Copy every entry as is. Leave images out.
Start of Input data
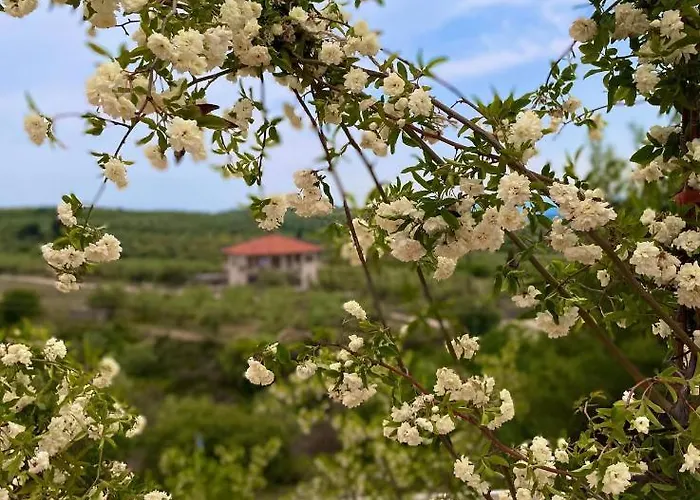 La Petite Planete 3* Mykines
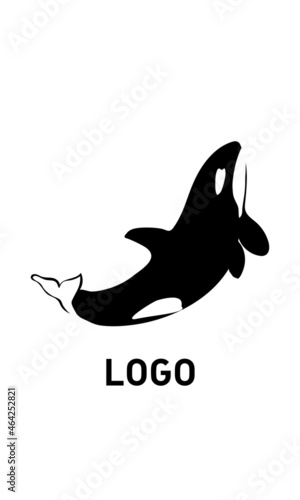 Logotype fish jumping out of the water. Black and white logo silhouette of orca or whale killer. Nice shape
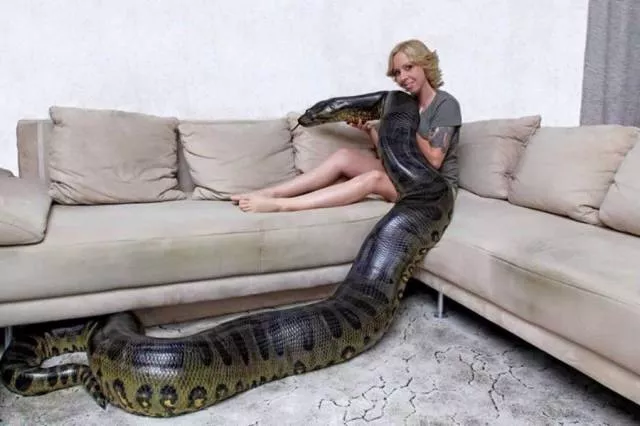 Picdump 7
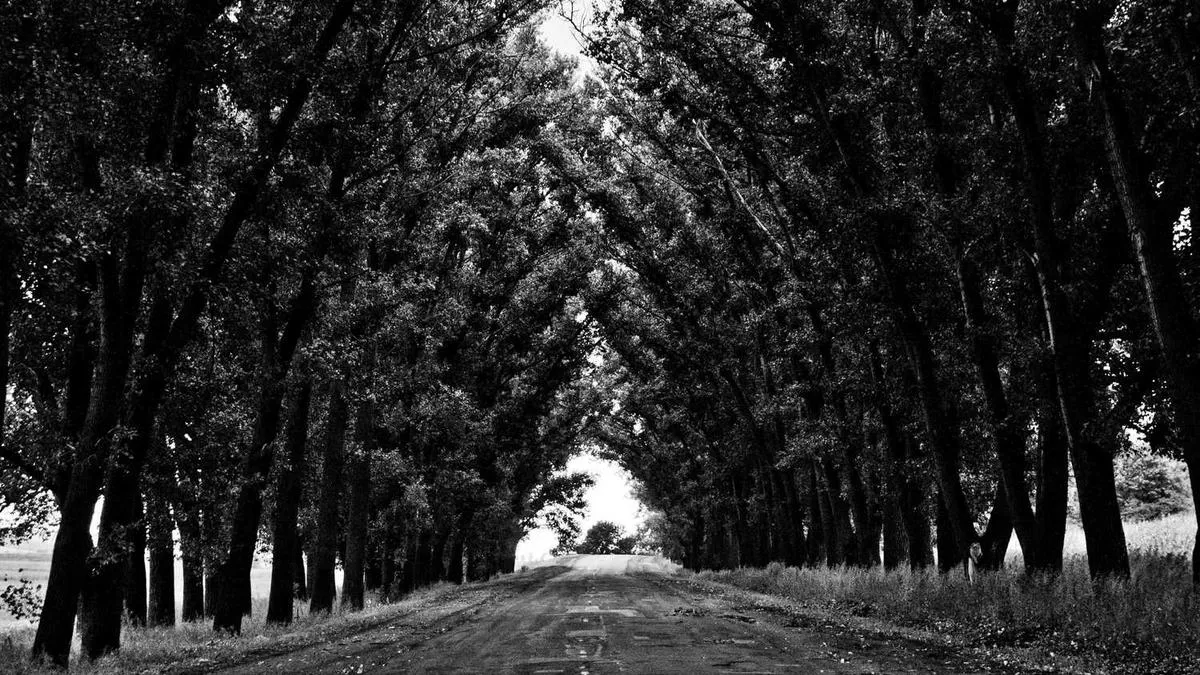 # Can't Read People's Expressions? Alexithymia Might Be the Reason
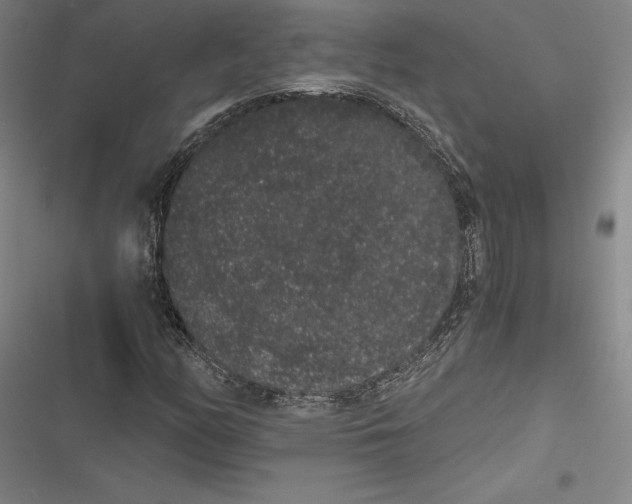 X0000116861158201001121235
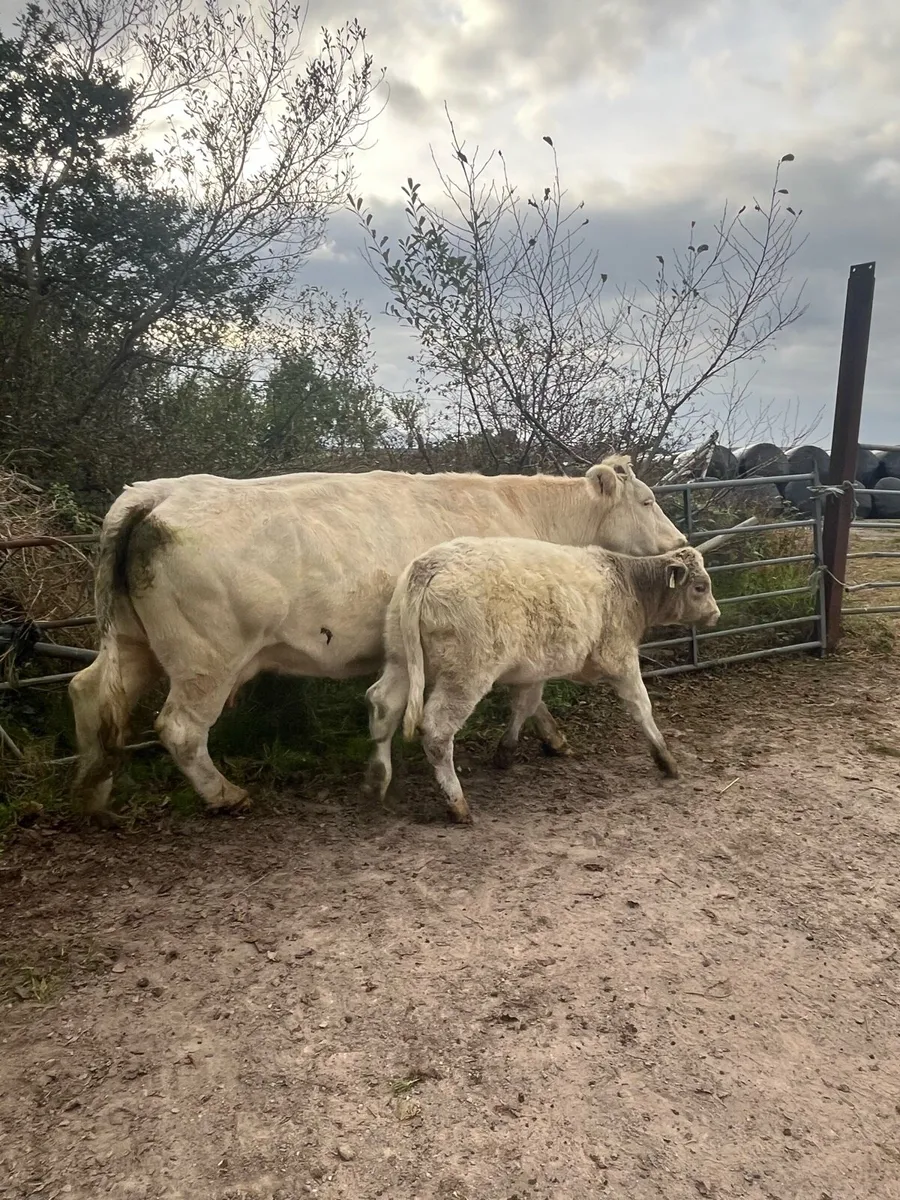 Bbx Cow and chx calf - Image 4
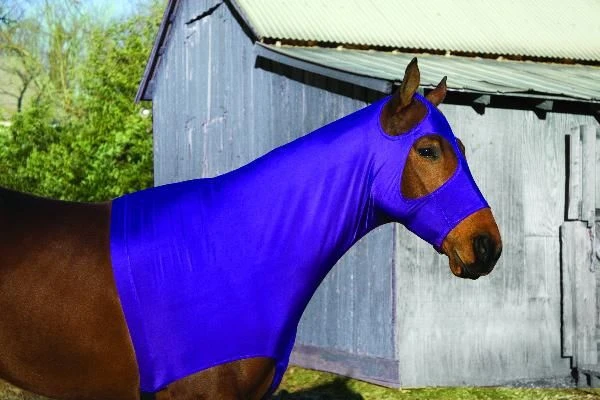 Perris Lycra Hood Large Black - Image 6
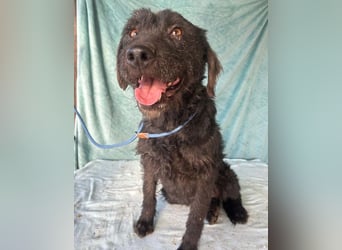 (R) ❤️ superliebe Familienhündin PEGGY - 8 Jahre, 45cm/14kg - Schnauzer-Mix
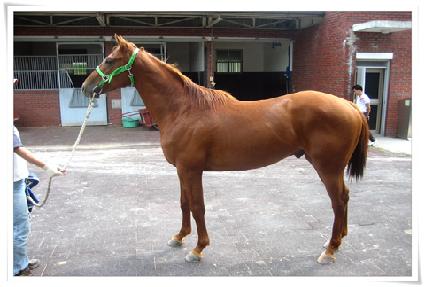 ������ ����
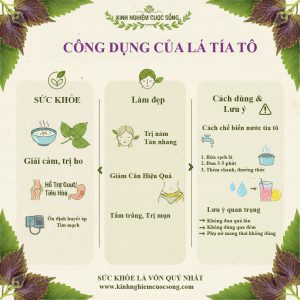 kinh nghiêm cuộc sống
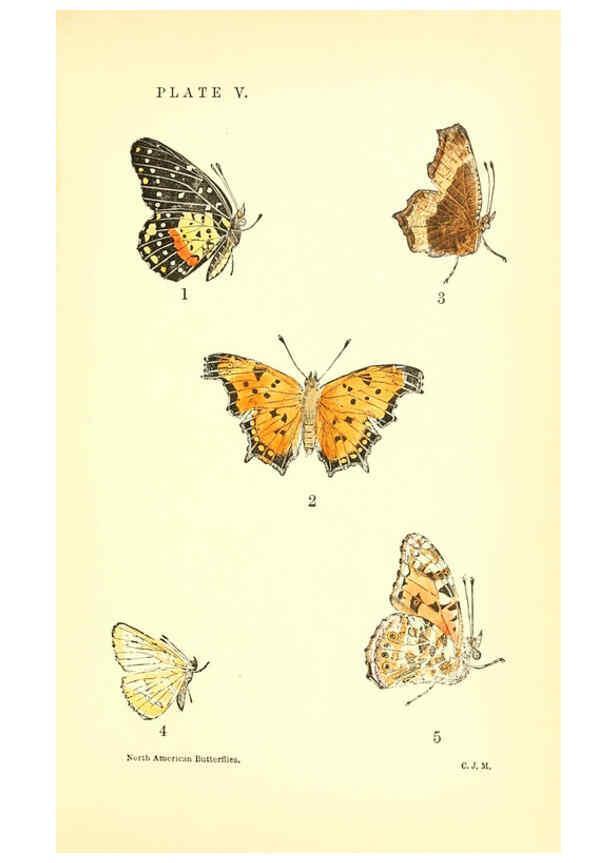 Reproducción/Reproduction 6285863211: A manual of North American butterflies Boston :De Wolfe, Fiske & Co.,1891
End of Input data
__Response below__
 La Petite Planete 3* Mykines
 Logotype fish jumping out of the water. Black and white logo silhouette of orca or whale killer. Nice shape
 Picdump 7
 # Can't Read People's Expressions? Alexithymia Might Be the Reason
 X0000116861158201001121235
 Bbx Cow and chx calf - Image 4
 Perris Lycra Hood Large Black - Image 6
 (R) ❤️ superliebe Familienhündin PEGGY - 8 Jahre, 45cm/14kg - Schnauzer-Mix
 ������ ����
 kinh nghiêm cuộc sống
 Reproducción/Reproduction 6285863211: A manual of North American butterflies Boston :De Wolfe, Fiske & Co.,1891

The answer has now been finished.